Actually, it's at least four books in one. It begins as a concise history of the technology of sound reproduction. I've read many books on technological and industrial history -- some good, some worthless -- and this is one of the best for detailed information on Thomas Edison's only invention, the phonograph, as well as subsequent developments in sound reproduction. This early chapter is fascinating, because as awful as Edison's primitive machines sound to us today, they fooled audiences into thinking that the music was coming from a live soprano instead of from the big horn atop a wax cylinder that was actually making the noise.

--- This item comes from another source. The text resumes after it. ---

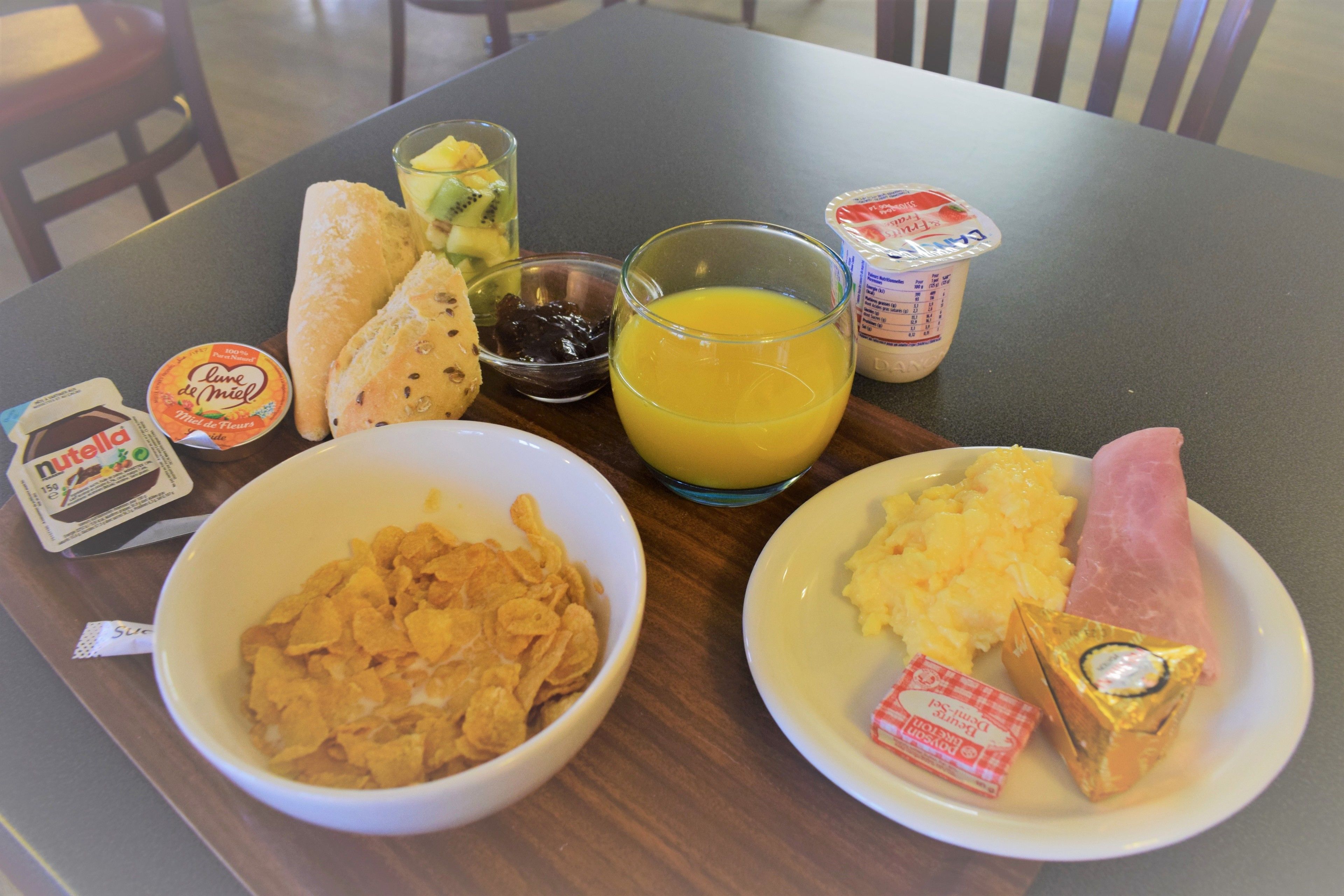 Bandeja de desayuno con cereal, tostadas, fruta, jugo, yogur y un sándwich de jamón.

As opposed to sound reproduction, the book also provides a brief history of music synthesis, at least where it relates to sound reproduction (i.e., sampling). This part is not as thorough as it picks up the story long after such pioneers as Raymond Scott and Robert Moog did their original work creating new analog sounds, but it also relates synthesizers to the curious and overlooked fact that, at least in pop music, people have come to prefer artificial sounds to authentic reproduction. For examples, how popular would the late Les Paul or the late Pink Floyd have been if their records had only presented accurate reproductions of them performing live?

"Perfecting Sound Forever" veers off on a tangent when it devotes a chapter to a biography of folk singer Lead Belly and the men who first recorded him, but this story is so well told that we don't mind the departure from the main topic.